Has anyone ever had trouble with feeding your Tortoise Butternut or Acorn Squash? I have a large Desert Tortoise and he has trouble with the thick skin. Should I Skin it snd just feed the inside of the squash?


----------



## ZEROPILOT (Jul 5, 2016)

I have cut it and cooked it and fed it to Redfoot before. Same as pumpkin.


----------



## RosemaryDW (Jul 5, 2016)

Mine has trouble as well. She a Russian so probably even smaller than yours.

Mine only gets the rare piece of squash and since I want her to "work" for her food, I cut her a thin slice. Small enough for her to hold down with one leg and rip bits off. I'm not sure she's ever actually eaten any rind, just the flesh.

If I wanted to make it easier on her or wanted to give her a larger piece, I'd cut some or all of the rind off. For now, she likes squash enough she'll REALLY work on getting a bite. 
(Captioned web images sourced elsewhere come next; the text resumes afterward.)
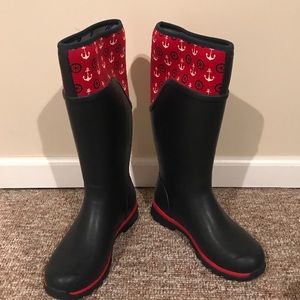 Muck Boots Women's Tall Rain Boot.  Women 9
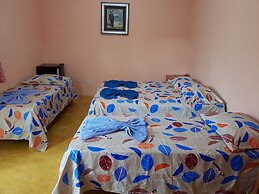 Gipsy Ranch Rooms - Hostel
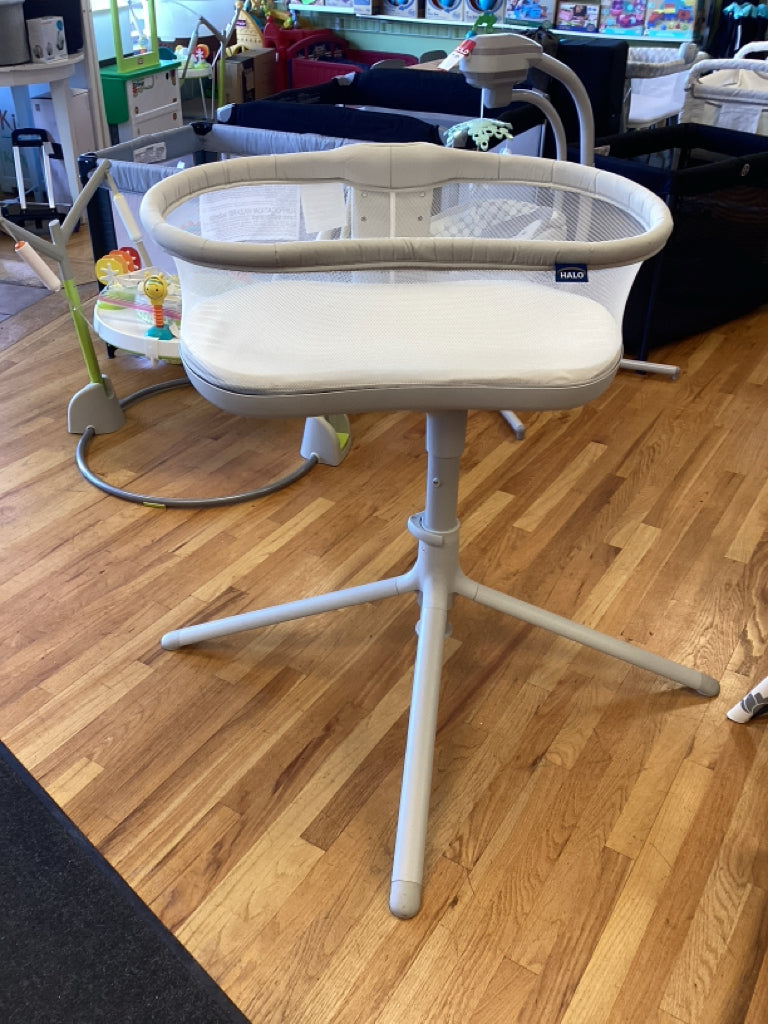 HALO BassiNest Swivel Sleeper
I think you can go either way on this; if peeling it makes you more comfortable, do it.


----------



## Gopherus Guy (Jul 5, 2016)

RosemaryDW said:


> Mine has trouble as well. She a Russian so probably even smaller than yours.
> 
> Mine only gets the rare piece of squash and since I want her to "work" for her food, I cut her a thin slice. Small enough for her to hold down with one leg and rip bits off. I'm not sure she's ever actually eaten any rind, just the flesh.
> 
> ...


Thanks for the advice. Peeling it sounds best. He doesn't give up though, he'll use his Big Scaly legs to rip it apart. He's a tough guy!


----------



## TammyJ (Jul 5, 2016)

I grater the raw pumpkin for my baby redfoots, they love it. It is also recommended for the green iguanas. But they all like the pumpkin plant leaves even more!


----------